Wrapping Our Loser Penguin Heads Around The Hawks/Flyers Cup Final

My reactions to the Stanley Cup Final, in no particular order:

— Numerous friends of mine have already commented something along the lines of “Eff Hossa anyway,” echoing Ron Cook’s pre-Finals column about how choosing between the Flyers and Hossa was a Penguins fan’s “worst nightmare.” Do people really still have a grudge against Hossa? He was a free agent who signed with a team that wasn’t the Penguins, then the Penguins got the ultimate revenge on him (and he managed 0 goals in 7 Cup Final games last year), then he signed with some other team in the Western Conference who the Pens will play once a year.
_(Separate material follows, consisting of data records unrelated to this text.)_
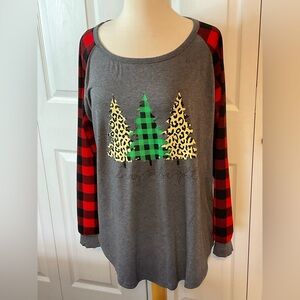 Christmas Tree‎ Long Sleeve Top Size XL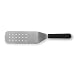 Modern Spatula: MIU France 14" Stainless Steel Commercial Peforated Turner Black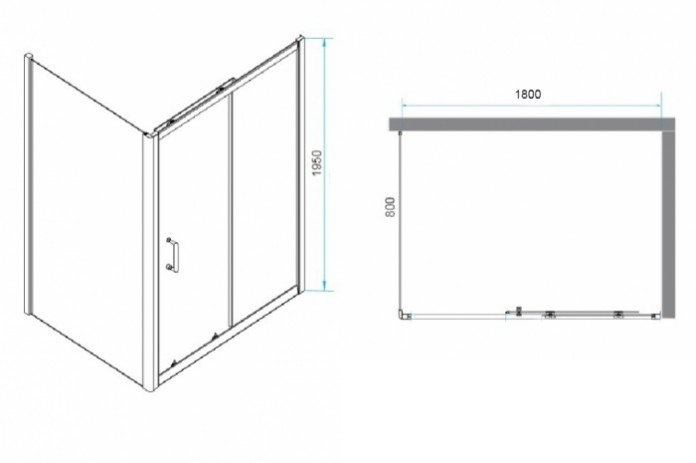 Душевой уголок RGW Passage PA-74-1B 180x80 профиль черный стекло прозрачное 4108741188-14 - 2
Do we really need to waste energy still being mad at him? There’s plenty of other players out there to hate. How bout this dude? Oh Aaron Johnson of the Oilers, you little S.O.B….

— The Blackhawks again proved, as the Penguins sort of proved last year, just how legitimately different the NHL is nowadays than it was one decade ago. Now, a team can win with scoring depth, puck possession, and skill/effort, whereas for about a decade, the Cup just got tossed to whatever team played the staunchest, stay-at-home holdy defense to protect insurmountable 2-goal leads and drive fan interest southward (meaning, down, not towards the south). Obviously playing good defense is still a priority, but both the Hawks and the Flyers are aggressive, up-tempo teams with a bevy of skilled forwards and puck-moving defensemen; the days of system trumping skill are over, at least until some other coach figures out a loophole.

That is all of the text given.